Por Mario Diament
La Nación
MIAMI.- En 1964, un autor de best-sellers llamado Irving Wallace escribió una novela que tituló El hombre . Imaginaba el derrumbe de una catedral, en el que morían el presidente de Estados Unidos y el titular de la Cámara de Representantes, y que, como resultado, el vicepresidente sufría un infarto fatal. El siguiente en la línea de mando era un humilde senador negro, Douglas Dilman, quien debía asumir la conducción del país sin proponérselo.
La propuesta era inquietante, pero francamente descabellada para 1964. Aunque ese año se sancionó el Acta de los Derechos Civiles, que prohibía la discriminación en las escuelas y los empleos, el racismo seguía rampante en el Sur y tres activistas, un negro y dos judíos, eran asesinados por el Ku Klux Klan en Mississippi. Sólo el carácter accidental de la premisa de Wallace la tornaba creíble.
Cuando Joseph Sargent llevó la novela al cine en 1972, los tiempos habían cambiado. Ese año, Shirley Chisholm, una congresista demócrata de Nueva York, se convirtió en la primera negra candidata a la presidencia por uno de los dos grandes partidos. En la Convención Demócrata de Miami que designó a George McGovern, Chisholm obtuvo el 5,04 por ciento de los votos, un porcentaje modesto, pero que la ubicaba por encima de postulantes tan conocidos como Hubert Humphrey, Ted Kennedy, Eugene McCarthy y Walter Mondale.
Aun así, El hombre , interpretado en la pantalla por James Earl Jones, planteaba una posibilidad que seguía siendo remota.
Pero el próximo martes, si uno atiende al resultado de las encuestas, la realidad podría superar a la ficción y un hombre de color podría convertirse en el próximo ocupante de la Casa Blanca.
Aunque el mundo ya se ha hecho a la idea de que es factible que el candidato demócrata, Barack Obama, gane las elecciones, el paso de la probabilidad al hecho habrá de acarrear algunos cambios significativos, comenzando por una ola de generalizada simpatía hacia Estados Unidos como el país no ha experimentado en los últimos ocho años, en los que estuvo durante la presidencia de George W. Bush.
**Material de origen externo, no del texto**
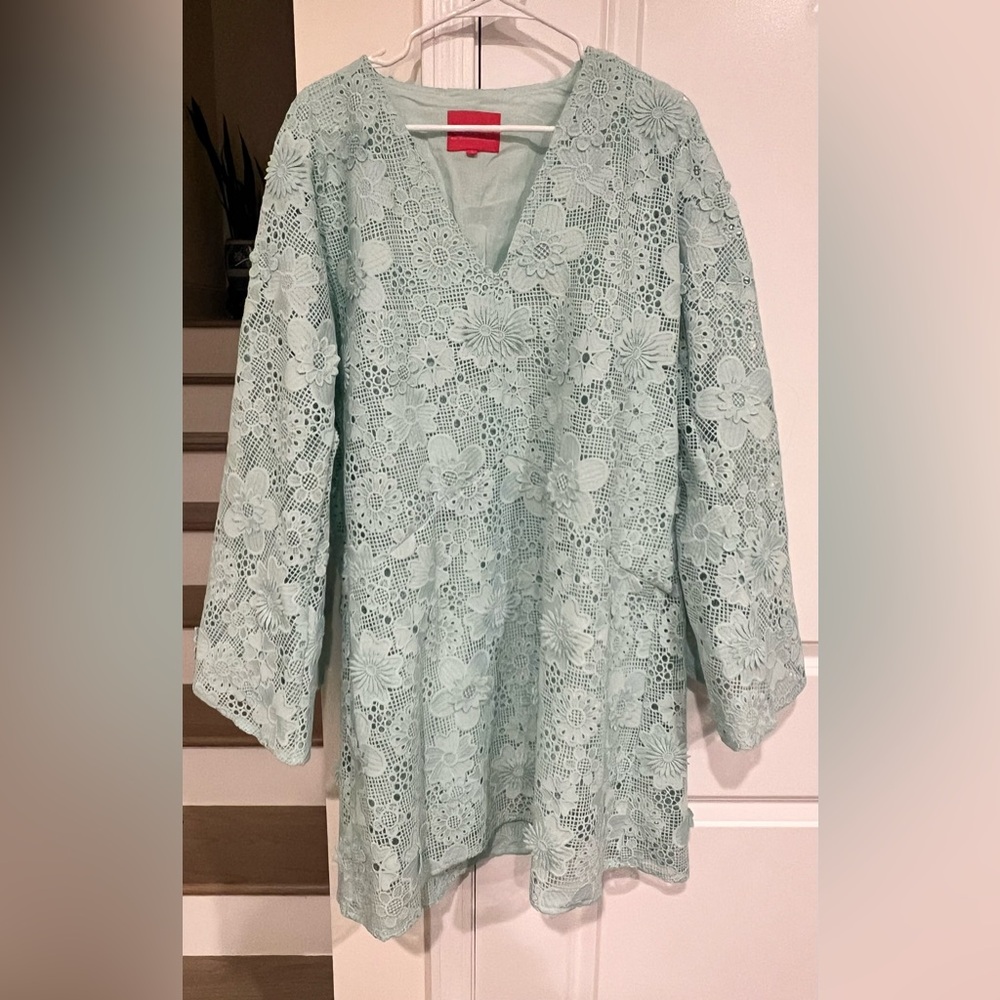 Marie by Victoria Dunn Light Aqua Lace Kaftan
Después de todo, ¿cuántas naciones industrializadas podrían pensar en encontrarse ante una situación semejante? ¿Votarían los ingleses, los franceses o los alemanes por un primer ministro o un presidente negro?
Mensaje
Desde la época de John F. Kennedy, nadie ha escuchado un mensaje como el de Obama. Ni siquiera Bill Clinton, que era un comunicador formidable, logró despertar la excitante perspectiva de estar en la antesala de una nueva era.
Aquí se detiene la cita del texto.